• **TASK BRIEF**:
Give back, word for word, the lines in the listing below from the one holding "recollaboen's tweet photo." down to the one holding "We are creating", both ends included.

• **EXTRACTED ENTRIES**:
──────────

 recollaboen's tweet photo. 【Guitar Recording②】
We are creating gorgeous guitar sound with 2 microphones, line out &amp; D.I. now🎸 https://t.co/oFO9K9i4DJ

──────────

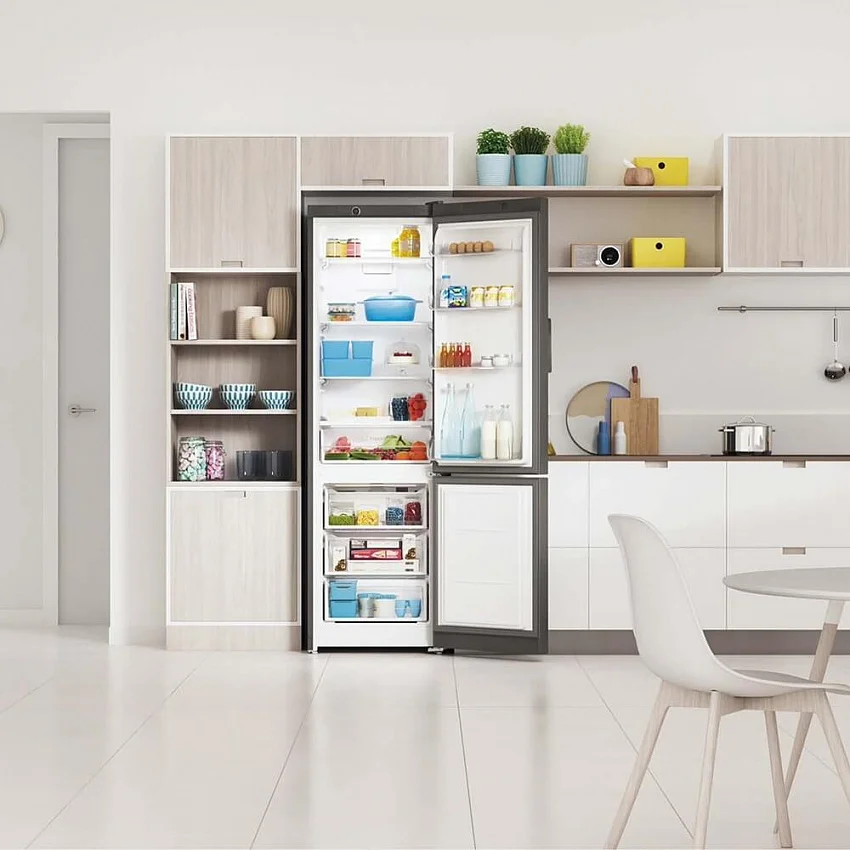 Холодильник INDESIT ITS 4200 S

──────────

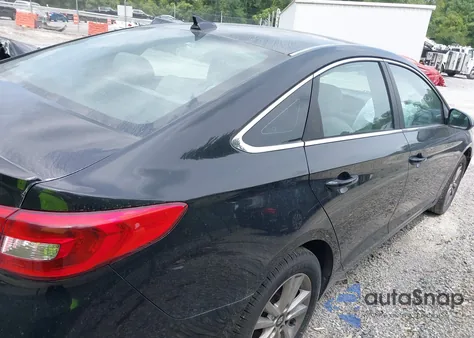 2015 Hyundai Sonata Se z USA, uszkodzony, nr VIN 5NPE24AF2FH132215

──────────

• **ANSWER TO THIS TASK**:
 recollaboen's tweet photo. 【Guitar Recording②】
We are creating gorgeous guitar sound with 2 microphones, line out &amp; D.I. now🎸 https://t.co/oFO9K9i4DJ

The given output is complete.